- Chal Location within Bulgaria
- Coordinates: 41°28′00″N 25°47′00″E﻿ / ﻿41.4667°N 25.7833°E
- Country: Bulgaria
- Province: Kardzhali Province
- Municipality: Krumovgrad
- Elevation: 449 m (1,473 ft)
- Time zone: UTC+2 (EET)
- • Summer (DST): UTC+3 (EEST)

= Chal, Bulgaria =

Chal (Чал, /bg/) is a village in Krumovgrad Municipality, Kardzhali Province, southern Bulgaria.

==Landmarks==
In Neighboring village Krumovgrad, several important sites can be located. The town is home to the mosque "Seytlyar dzhamisi," which is considered a key reason for the existence of the town and nearby villages. Also located nearby is the museum with over 2,000 exhibits, housed in a building recognized as a cultural monument. Another historical location in Krumovgrad is the church "St. Ivan Rilski," which was built in 1934 and is an important architectural site.

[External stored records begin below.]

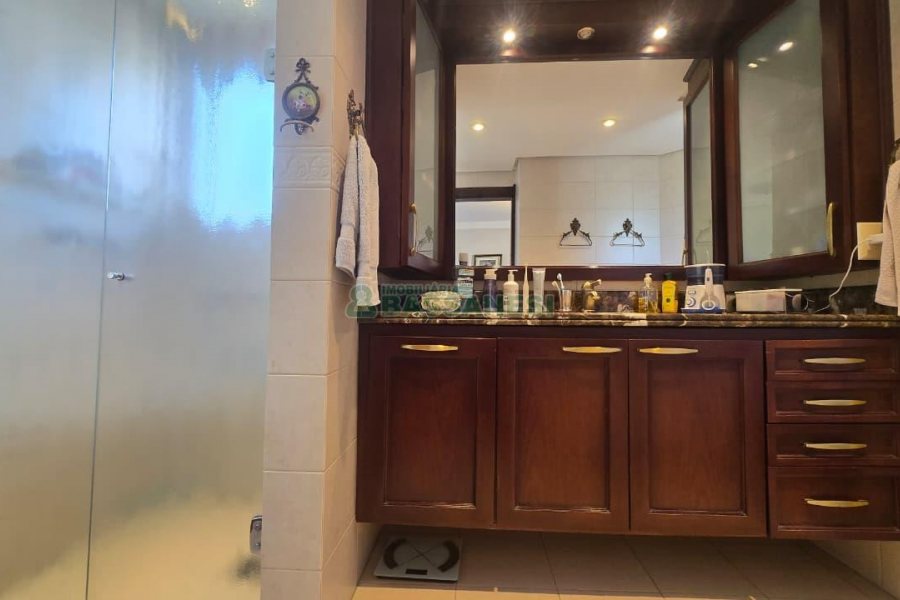 Apartamento com 313m², 3 dormitórios, 4 vagas, no bairro Exposição em Caxias do Sul para Comprar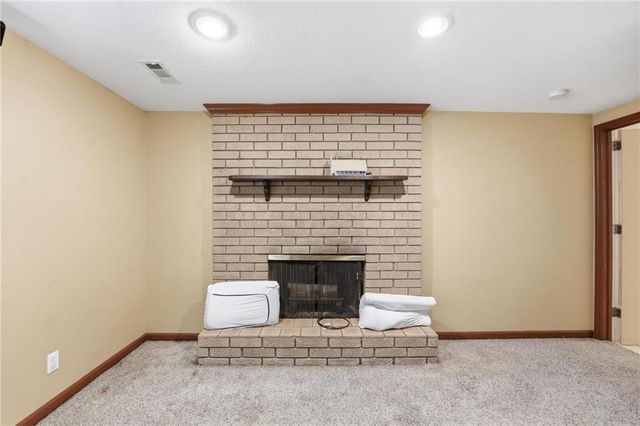 7806 NE 57th Street, Kansas City, MO 64119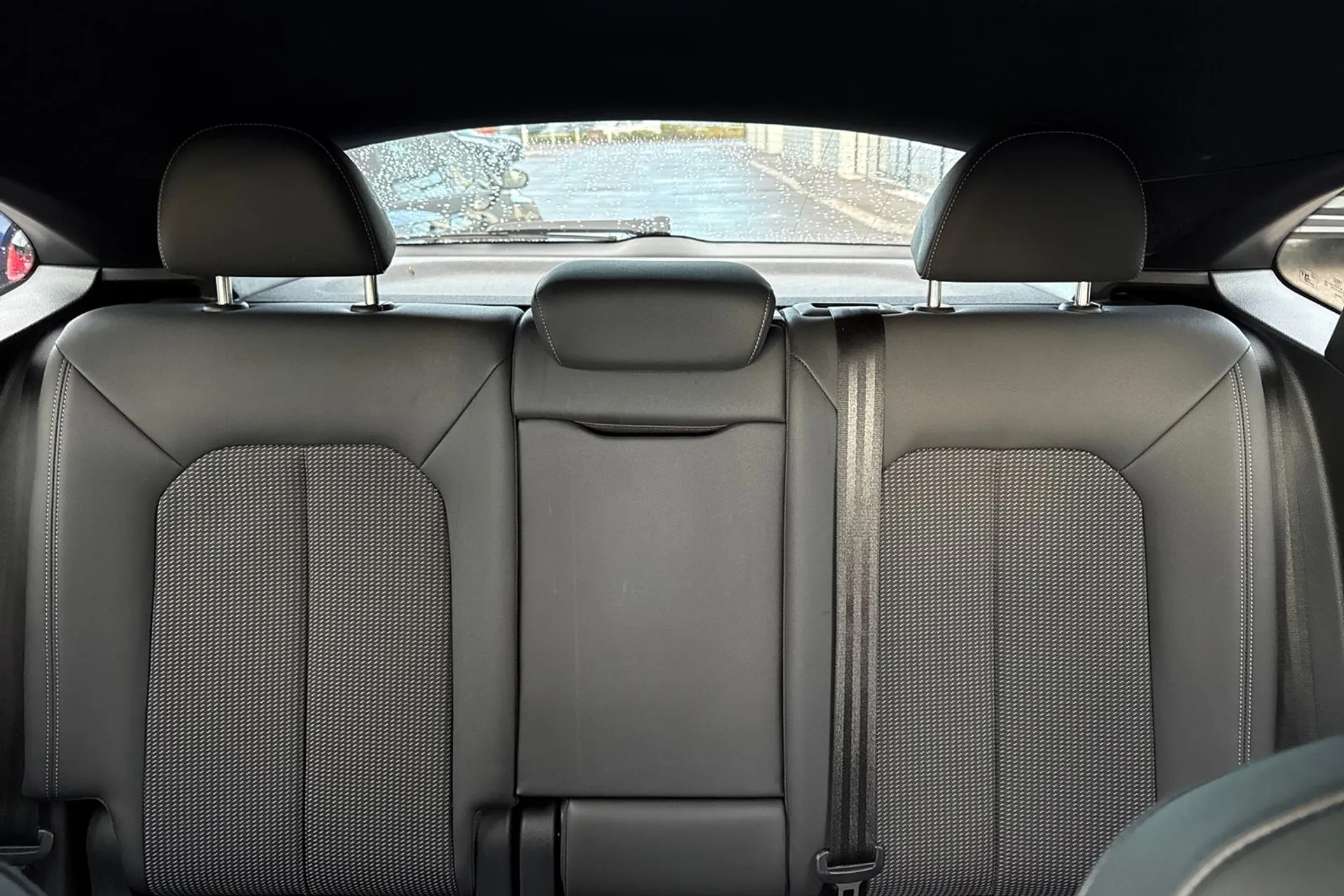 Audi Q3 thumbnail image number 42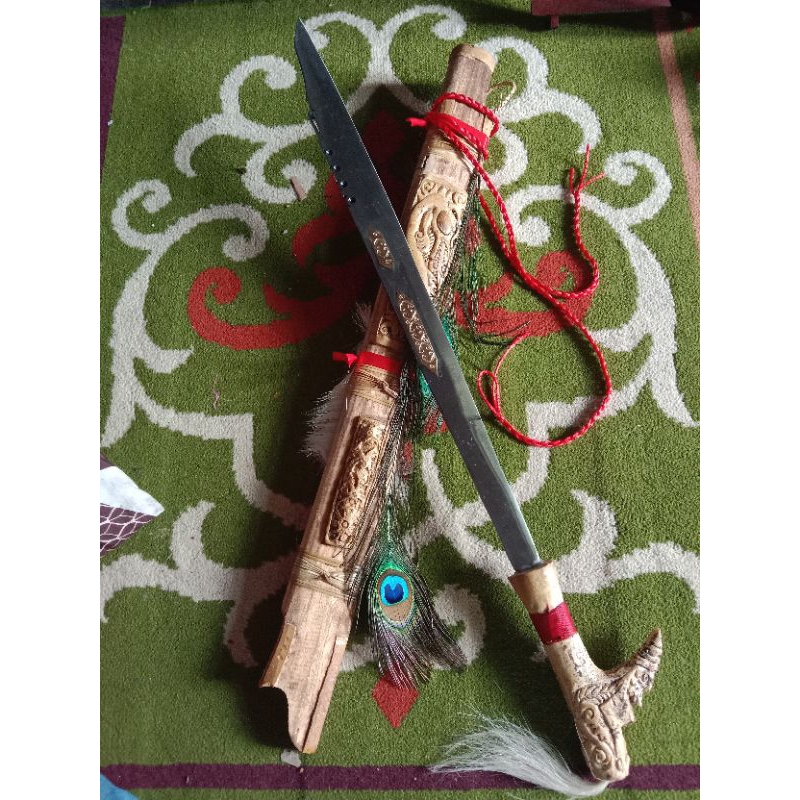 Mandau Antik khas Dayak Kalimantan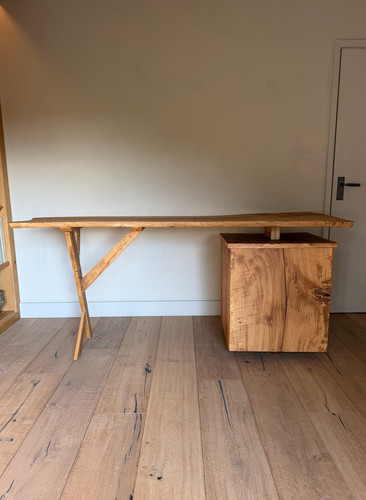 Custom made solid oak live - oak,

South of Chal, in Rogach village, about 10 km (6.2 miles) away, is the Rock Tomb-Sanctuary. Situated on a cliff along the right bank of the Krumovitsa River, this archaeological site is considered sacred by locals. Two small holes in the rock that resemble human footprints are referred to as "The steps of Ali," named after a Muslim saint. In Chal, you can visit the oldest mosque in the Eastern Rhodopes.

Nearby, in Glumovo village, located around 19 km (11.8 miles) northeast of Chal, is the memorial at Ilia's Field. This site honors the 40,000 Thracian refugees who died there. The memorial includes a chapel, a monument, and a fountain. It hosts the National Youth Thracian Fest, also known as Thracian Child's Day, held annually on June 1st, which is the International Day for the Protection of Children.